The benefit to me of having AXFR instead of dumpzone, is that dumpzone requires that hsd & my stuff are running in the same name space.

Where as, with AXFR, hsd can be run anywhere & all I need to know is its IP Address. It would just make it a lot easier for me to make a container of just my python merger & bind signer.

Microservices are the future.

buffrr commented 3 years ago

Ah nice! i would like to give your setup a try. Yep, being able to dump the zone over network is very convenient. It's easy to just dig @ hsd and get the root zone. It'd be nice if hsd has support for AXFR without plugins. Anyways, the rinfo.patch has been merged to hsd so the AXFR plugin doesn't need any patches to work.

Doing some analysis with grep and looking at the root zone so far only 173 sites have a DS record. I'm interested in ed25519 and it seems that most resolvers now support it https://ed25519.nl (out of date list) but obviously should be avoided if compatibility with legacy software is important. Here's the algorithms used in the root zone:

It's interesting to see that 3 sites have a DS record with SHA-1 as an option. I mean the SHA-256 RFC has been a standard since 2006 and it's mandatory for validating resolvers to support it! Two of these sites also have a DS record with SHA-384 as an option so that's neat.

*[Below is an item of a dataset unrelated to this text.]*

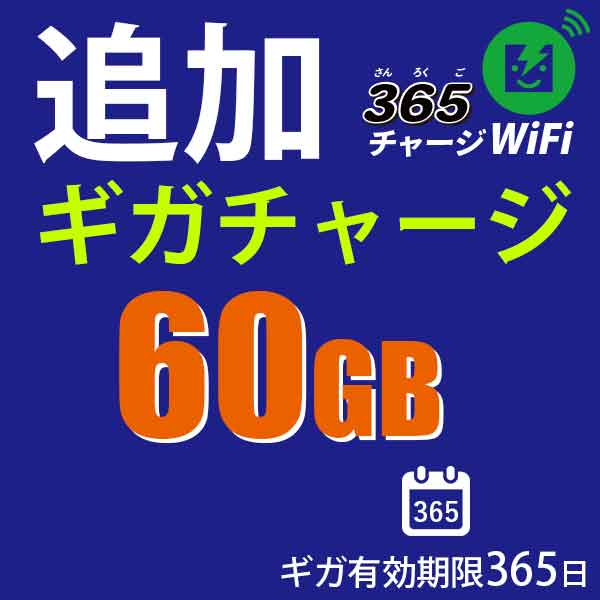 soeur CHA1000MEXICOROU13 関税送料込 FREQUENTER フリクエンター LIEVE リエーヴェ スーツケース 33L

james-stevens commented 3 years ago

It'd be nice if hsd has support for AXFR without plugins

For me, it's only useful if it can provide the entire ROOT zone (merging in the ICANN names). I might try and make something using the light client - if you don't beat me to it!

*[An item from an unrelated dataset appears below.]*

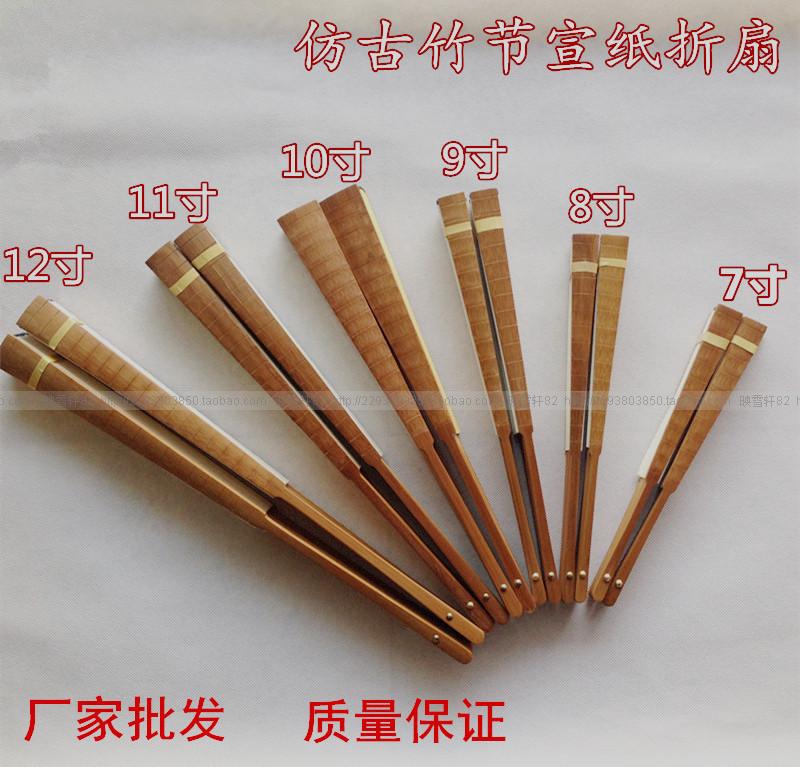 Xuan Paper Folding Fan 7 Inch 8 Inch 9 Inch 10 inch 11 inch 12 inch Imitation Bamboo Festival Blank Sprinkle gold painting and calligraphy to create fan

most resolvers now support it

Yes. The question is more - who has/hasn't upgraded! For example, RedHat/CentOS v7 has only quite recently upgraded from bind 9.9 to bind 9.11 - which is actually a really unusual move for them.

There is a tool called fpdns (fingerprint DNS), which can guess the version & package of a DNS server from what it can & can't support & the style of its responses, but (when I last looked) it'd not been maintained for some considerable time - but looks like somebody has been on it quite recently.

It's interesting to see that 3 sites have a DS record with SHA-1 as an option

There's no harm in putting in SHA1, if you also have SHA256 &/or SHA384. The RFC says use the best that matches, so this provides full backwards compatibility without compromising security. I guess the only disadvantage is that handshake has a packet limit of 512.

By default, PowerDNS will give you all three, so my guess is that's probably where they come from.

Does handshake support DNS style compression in the DNS packet - might be nice to have

humbly.                 21600   IN      NS      ns1.nameserver.io.
humbly.                 21600   IN      NS      ns2.nameserver.io.
humbly.                 21600   IN      NS      ns3.nameserver.io.
humbly.                 21600   IN      NS      ns4.nameserver.io.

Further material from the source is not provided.